Longevity is a rare thing in the motion picture business, but what makes the Coen Brothers 30 year career truly remarkable is the consistent quality of their work. Co-writing, editing, directing and producing nearly all of their films, the Coens have developed an instantly recognisable odd-ball aesthetic that seems as much at home in the labyrinthine plots of their crime films as it does in their comedies.

It’s perhaps to be expected that if you stick around as long as they have, people will begin to see recurring themes in your work. I’d argue that this is probably true of all creative artists, and that even the recognised masters of their craft are one trick ponies of a sort: consciously or unconsciously reworking the same themes, returning to the same places, people or periods throughout their careers. This is certainly true of the Coen’s work, whose films have (by and large) focussed on protagonists beset by self-inflicted tribulation usually brought about through their own naiveté or ignorance of the forces pitted against them. Think of H.I. and Ed, the childless couple from Raising Arizona who kidnap, loose and then try to recapture a new born baby, unaware that its millionaire father has set a maniacal bounty hunter on their trail. Or Tom Reagan, the protagonist of Miller’s Crossing who naively spares the life of a gangster he’s sent to kill and unwittingly sets himself up to be blackmailed by that very man. Consider too Norville Barnes from the Hudsucker Proxy, Barton Fink, Marge Gunderson from Fargo, The Dude from The Big Lebowski, Llewellyn Moss from No Country for Old Men – each in their own way repeats this pattern, leading themselves step by step towards greater danger; every plot twist by degrees more zany or thrilling depending on the genre.

It’s classic screenplay structure. But then the Coens’ catalogue is steeped in classic genre conventions: kidnappings, chases, femme fatales, double crossings. This affinity for the tropes of classic cinema is also evident in their choice of genre (screwball comedy, noir, western), the period setting for their films and the material they’ve remade (The Ladykillers, The Man Who Wasn’t There, True Grit). But the Coens have also drawn inspiration from literary sources over the years. In particular, Homer’s epic poem The Odyssey – about Odysseus’ 10 year journey back home to reclaim his place as King of Ithaca – stands outs as key to understanding the Coen’s most recent work, Inside Llewyn Davis.

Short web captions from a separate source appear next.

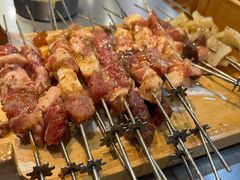 -郎出山烧烤(胶州店)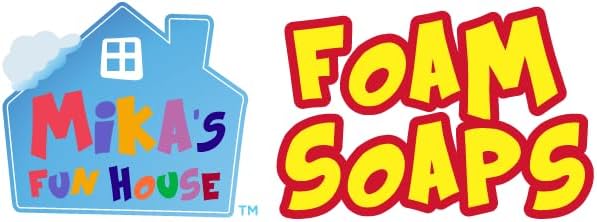 FUN HOUSE | KIDS FOAM SOAP | 8.2oz | ASSORTED SCENTS | 8 PACK - Image 6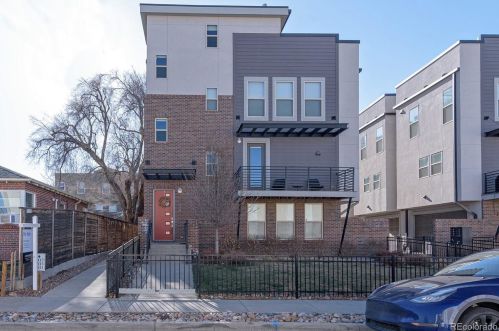 1311 Jackson St, Denver CO 80205-5052 exterior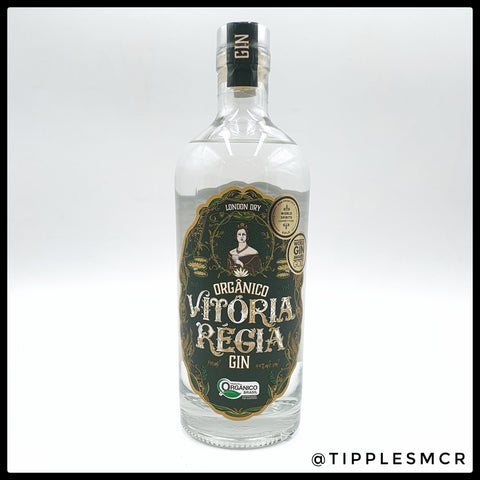Vitoria Regia Dry Gin
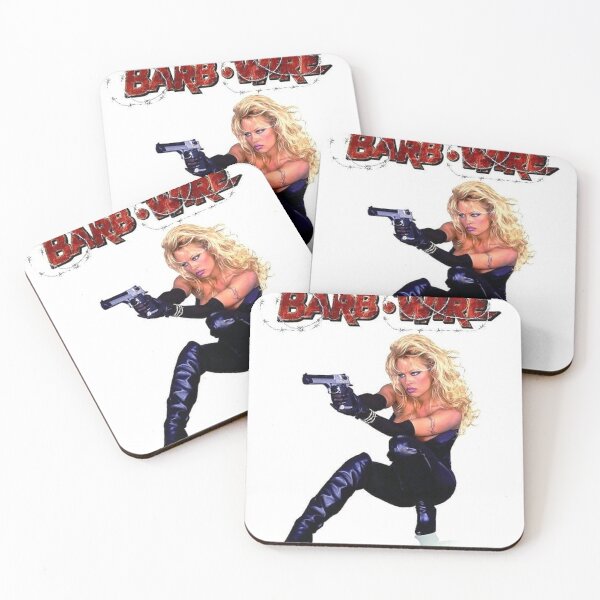 Item preview, Barb Wire movie designed and sold by Paul6245.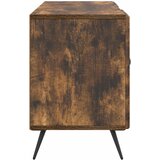  ormar 102 x 34,5 x 50 cm Dimljeni hrast Konstruirano drvo | shoptok.hr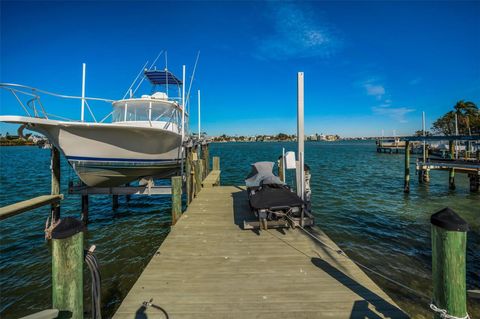 A home in INDIAN ROCKS BEACH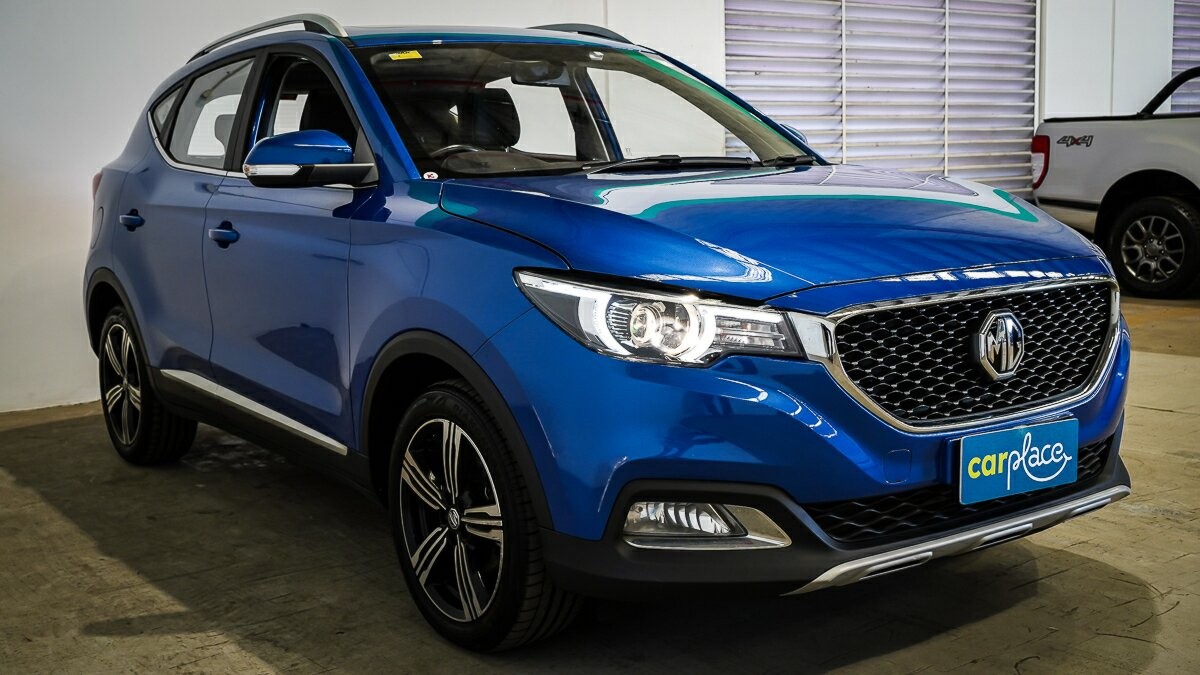 MG Zs image 4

Like Odysseus, Llewyn was once a sea-farer. The son of a merchant mariner, he’s left behind his father’s profession to pursue his love of music and finds some early success as one half of a duo on the burgeoning Greenwich Village folk music scene. Since his partner’s unexplained suicide, however, money has dried up and Llewyn has been adrift – lost as Homer was at sea – wandering from sofa to sofa through the snow covered streets of lower Manhattan. That wintry Village mileu – immortalised on the cover of The Freewheelin’ Bob Dylan – immediately suggests the sullen and broody stasis that threatens to overpower Llewyn if he isn’t able to regain his sense of direction. For the moment though, like Odysseus and Dylan’s Rolling Stone, there is no direction home. And it is here that his Odyssey begins.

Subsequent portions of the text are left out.